I have 3/4s of an answer to an issue but need some help on the final part. I have some data for the EBIT of companies. Where the EBIT is negative I would like to replace the value with mean of the previous year and the current year, for example, if the company recorded negative EBIT in 1993, I would like to get the mean of the negative year (1993) and the previous year (1992).

I have the following code (which I found on Stackoverflow How to replace NA with mean by subset in R (impute with plyr?)) but I would like to change the impute.mean function to reflect the changes I want. That is I do not really want to convert the negative numbers to NA's

years <- c(1990, 1991, 1992, 1993, 1994)
gvkey <- c(1000, 1100, 1200, 1300, 1400, 1500)

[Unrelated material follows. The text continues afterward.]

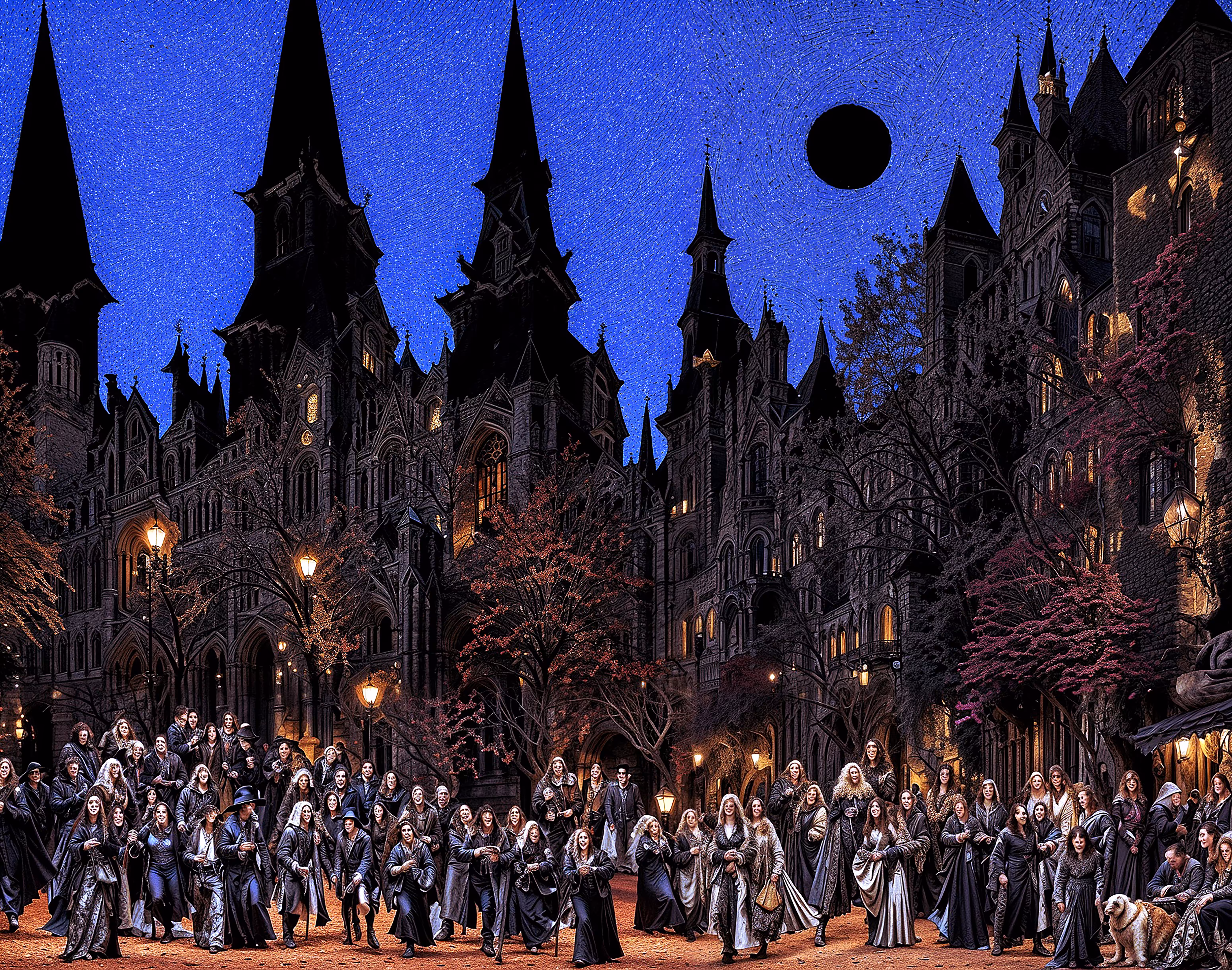 Sabbat of the Coven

join <- as.data.frame(rep_len(years, length.out = length(gvkey) * 
length(years)))
join$gvkey <- rep(gvkey, length(years))
join$ebit <- runif(nrow(join), min=-100, max=100)

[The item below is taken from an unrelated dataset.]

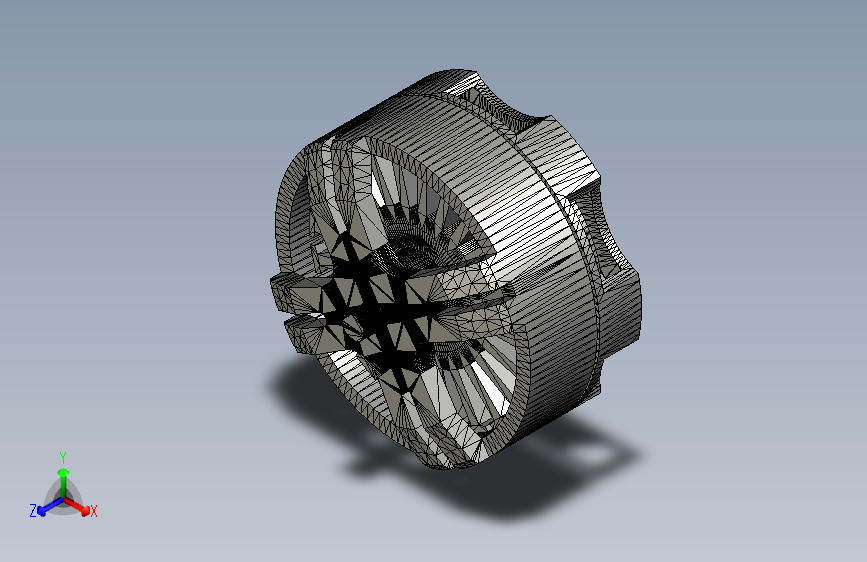 BE4108+无刷直流电机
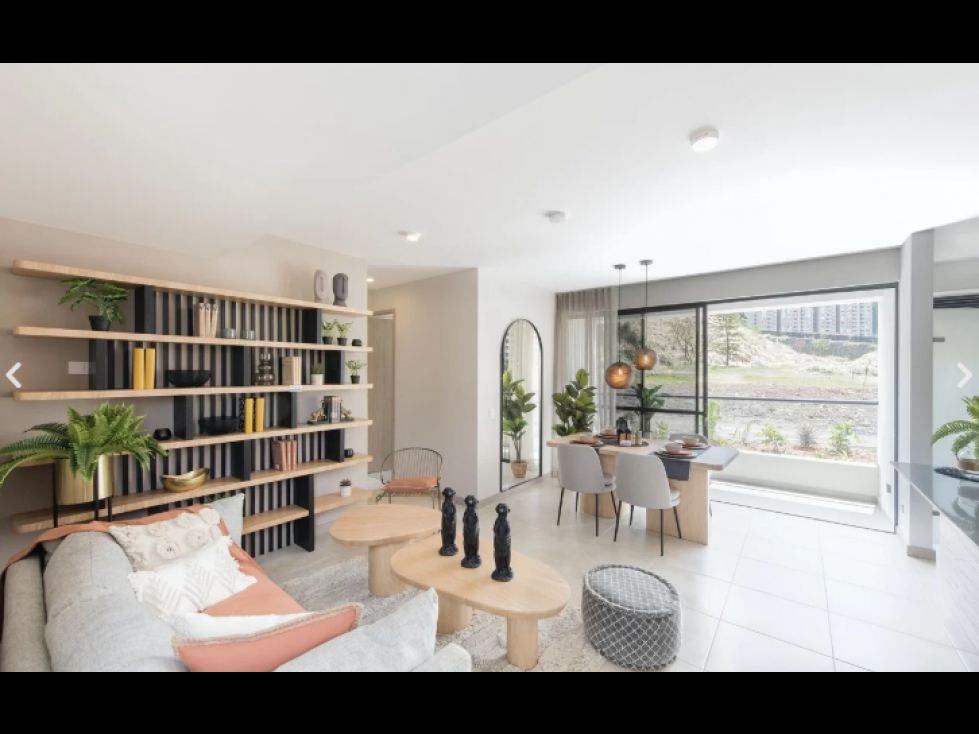 Apartamento en venta Antioquia Itagüí Santa Maria Et Iii 65 m2 Habitaciones 3 Baños 2 Garajes 1 Precio $450000000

join$ebit[join$ebit < 0] <- NA    ## very inefficient way of recognizing negative values 

colnames(join) <- c("year", "gvkey", "ebit")

impute.mean <- function(x) replace(x, is.na(x), mean(x, na.rm = TRUE))

join <- join %>%
group_by(gvkey) %>%
 mutate(
  ebit = impute.mean(ebit))

I also found this which which is ideal except for the NA issue R replacing missing values with the mean of surroundings values

x <- (na.locf(join) + rev(na.locf(rev(join))))/2
Matthew Oldham
  • 187
  • 1
  • 13
  • A hint about replacing missing values with the surrounding values: this is called "moving average" imputation. You can do this in 1 line of code with the imputeTS package: na.ma(yourData, k=1). – Steffen Moritz Nov 09 '18 at 18:52

1 Answers1

0

This seems to do the work. Now the issue if two years in a row are negative.....

y <- join%>%group_by(gvkey)%>%mutate(adj_ebit=purrr::accumulate(ebit,~ifelse(.y<0,(.y+.x)/2,.y)))
Matthew Oldham
  • 187
  • 1
  • 13